Greg, Trevor, and I are fortunate to practice at Solace New York [edit: we no longer operate out of Solace New York], a model Crossfit facility for performance minded physical therapists.  Prior to working out of Solace, I had not spent any appreciable time in a Crossfit facility.  Everything I knew about Crossfit came from the Internet, watching the games on ESPN, and treating a few Crossfitters.  Our experience thus far has been overwhelmingly positive, mainly because the sense of community at Solace is unlike anything I’ve experienced in fitness.  The people at Solace are truly passionate about their own training and more importantly, about creating an atmosphere that motivates their peers.  Even when people are attempting to break their own personal records, the team-first mentality remains pervasive.  The community here has embraced Greg, Trevor, and I with open arms and taken a legitimate interest in what we do.

The members at Solace are, in many ways, model “patients”.  If you can demonstrate how a particular exercise or technique modification will enhance their ability to move under load or mitigate fatigue, Crossfitters like those at Solace are refreshingly diligent and compliant relative to other populations.  The dirty secret in rehabilitation is that clinicians don’t make you better; they just create opportunities for you to fix yourself.  Crossfitters embrace this sense of accountability as well as anybody. The coaches at Solace are constantly asking us how they can optimize technique cueing and programming for their members.  However, Crossfit is not a universal product; there is a great deal of variation from facility to facility.  Solace is a model box because its coaches utilize safe progressions and don’t compromise technique in pursuit of arbitrary numbers.  With that in mind, here are 5 things every Crossfit facility can do to maximize safety and longevity:

  1. Differentiate Crossfit the sport from Crossfit the general fitness program.  There is typically a tradeoff between performance at the highest level of sport and health.  Training to excel in Crossfit competitions is not the best way to improve fitness in the general population.  Facilities must create different programs for Crossfit competitors and those just interested in general fitness.
  2. Recognize that no exercise is particularly special and that every exercise is just a means to an end.  Not everybody needs to do muscle ups or squat snatches from the floor.  The objective of the exercise should be more important than the exercise itself.

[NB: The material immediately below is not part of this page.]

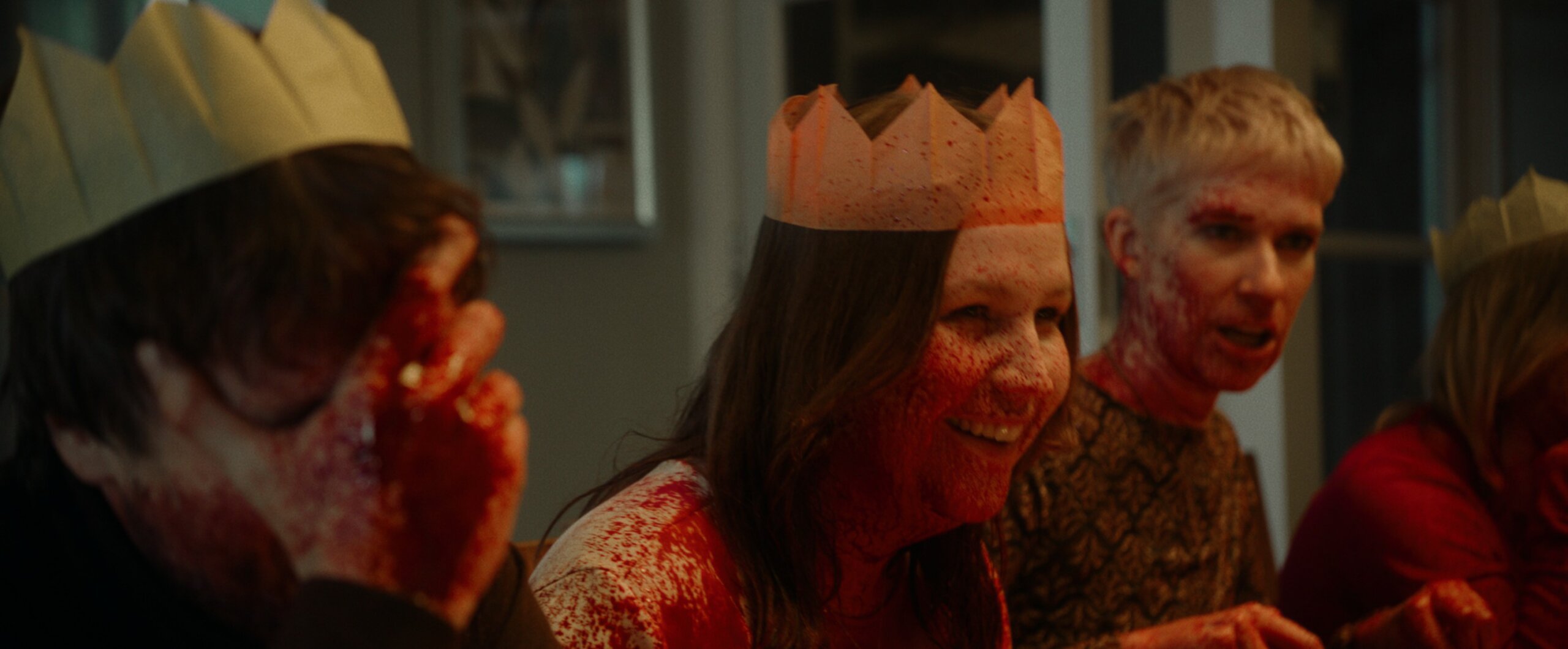 A family sitting round a Christmas table covered in fake blood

  3. Make people earn the right to do certain exercises by utilizing the proper progressions.  People who can’t statically support themselves in the top or the bottom of a ring dip probably shouldn’t do muscle ups.  The brain will always find a solution to a movement “problems” even if it has to put joints at risk to do so.  People often injure themselves during the transition phases of an exercise by using momentum to get themselves into positions they couldn’t otherwise control.

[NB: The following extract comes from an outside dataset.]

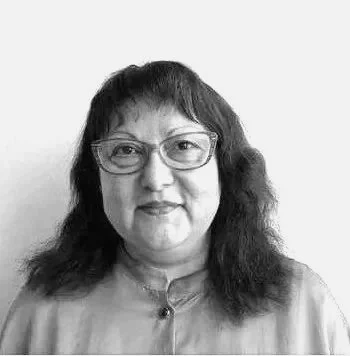 Portræt af en kvinde i lyseblå skjorte på en neutral baggrund.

  4. Recognize that joint position is the foundation of all other performance qualities.  If you don’t have full overhead shoulder motion on a treatment table, for example, it is highly unlikely that you can snatch or lock a weight out overhead without some kind of compensation.  The individual joints that comprise a complex movement need to be “competent”; otherwise the brain will make compromises to accomplish the task.  In other words, just because you can doesn’t mean you should.  This is where working with a medical professional that understands Crossfit can be helpful.  Even the best coaches can’t cue people out of positional problems at the joint level.

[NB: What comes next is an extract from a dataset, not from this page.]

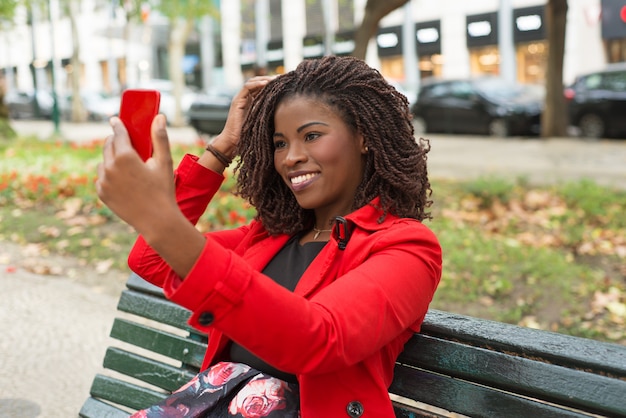 Gelukkige vrouw die smartphone in park gebruiken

  5. Vary the intensity and movement patterning from workout to workout.  Not every session needs to be an out of body experience.  The body’s stress reserve is like a bank account.  You can’t blow through money every day without replenishing the account from time to time.  Additionally, doing something like high repetition Olympic lifting and muscle ups on consecutive days may not allow the shoulder stabilizers sufficient time to recover, as an example.  Even the best movers break down under fatigue.